Beim Testen in Drehmomentregelung würde ich den Notaustaster daneben legen oder zumindest die Maximaldrehzahl in p1082 reduzieren falls die Achse durchgeht.


----------



## Andy_Scheck (14 Juli 2015)

Hallo, 
Umschaltung auf Drehmomentregelung funktioniert. Ich musste den Parameter p1511 unter Zusatzmomente dafür verschalten, sowie die Skalierung für Zusatzmoment 1 mit einem Festwert belegen. 
Gerne würde ich den Motor so betreiben, dass entweder das erreichen des Momentes die Beschleunigung abbricht oder das erreichen der Maxdrehzahl. Momentan erhalte ich immer die Meldung Maxdrehzahl erreicht. Ich hab den Parameter p1082 runter gesetzt, bringt aber nix. Wie kann ich das im Starter einstellen?

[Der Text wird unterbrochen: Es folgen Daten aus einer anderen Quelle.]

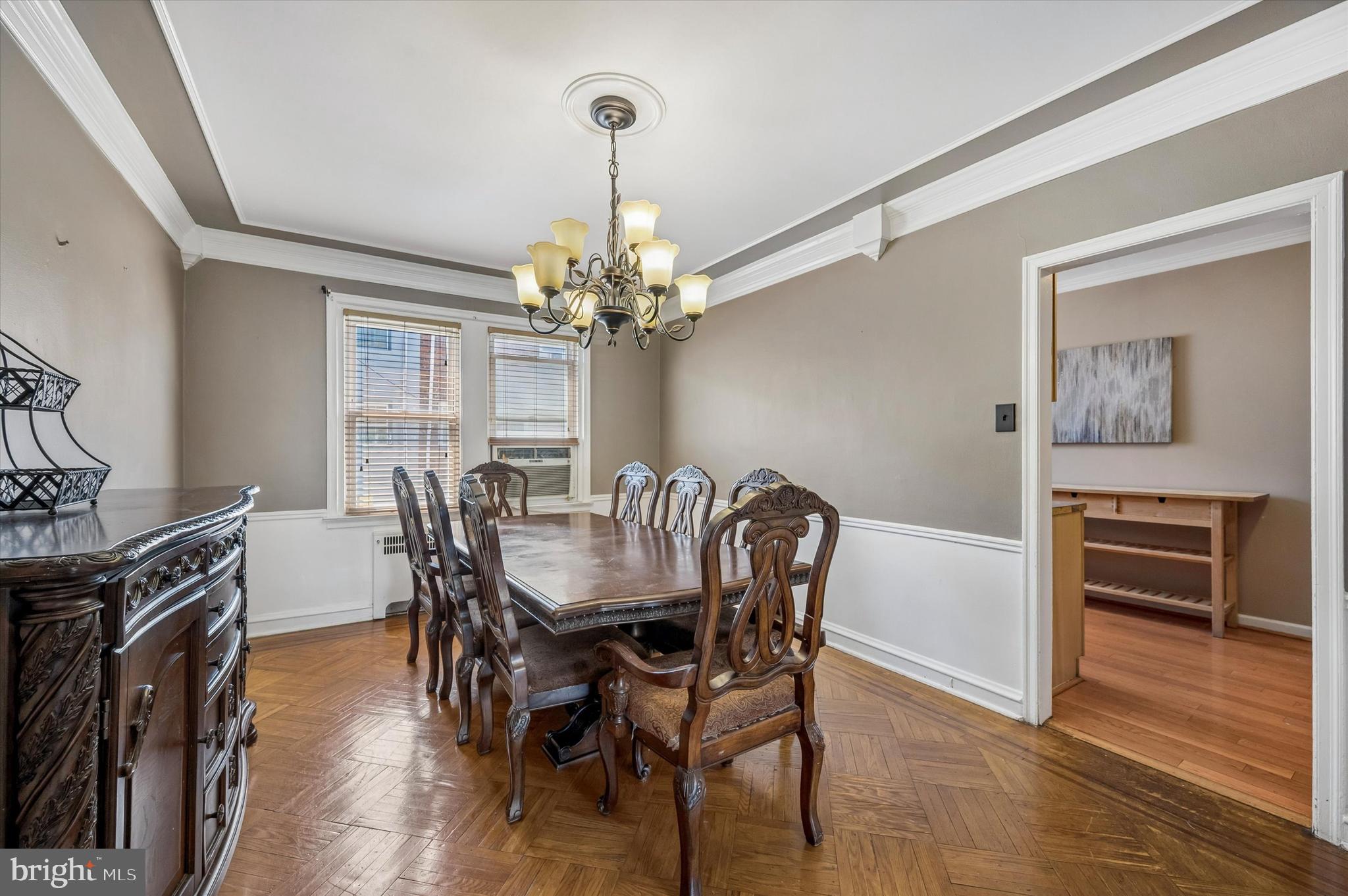 OXFORD CIRCLE - Residential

Wenn ich dagegen mit Drehzahlsteuerung fahre und das Moment mit der Momentengrenze p1528 Prozentual auf 10 % begrenze erscheint die Meldung: Motor blockiert/Drehzahlregler am Anschlag!
Kann ich das nicht so einstellen, damit der Motor quasi in Drückung geht und somit die Drehzahl reduziert, ohne deshalb in Störung zu gehen?
Danke!


----------



## zako (14 Juli 2015)

Andy_Scheck schrieb:


> Wenn ich dagegen mit Drehzahlsteuerung fahre und das Moment mit der Momentengrenze p1528 Prozentual auf 10 % begrenze erscheint die Meldung: Motor blockiert/Drehzahlregler am Anschlag!
> Kann ich das nicht so einstellen, damit der Motor quasi in Drückung geht und somit die Drehzahl reduziert, ohne deshalb in Störung zu gehen?
> Danke!



siehe online- Hilfe: man kann auch p2175 / p2177 anpassen (z.B. auf 0 stellen).


----------



## Andy_Scheck (15 Juli 2015)

Hi,

hab den Drehzahlschwellwert auf 0 gesetzt dann läuft das! Danke zako. 
Eine Frage bleibt aber offen. Ich hab im Starter 2 Fenster für Momentenbegrenzung:

1. Steuerung/Regelung -> Momentensollwerte -> Button Momentenbegrenzung: Wenn ich hier 0% einstelle dann beschleunigt der Antrieb (Drehzahlgeregelt), wenn im Zusatzmoment 1 ein Wert größer 2Nm steht. (wirkt wie ein relatives Maximum bezogen auf das absolute Maximum)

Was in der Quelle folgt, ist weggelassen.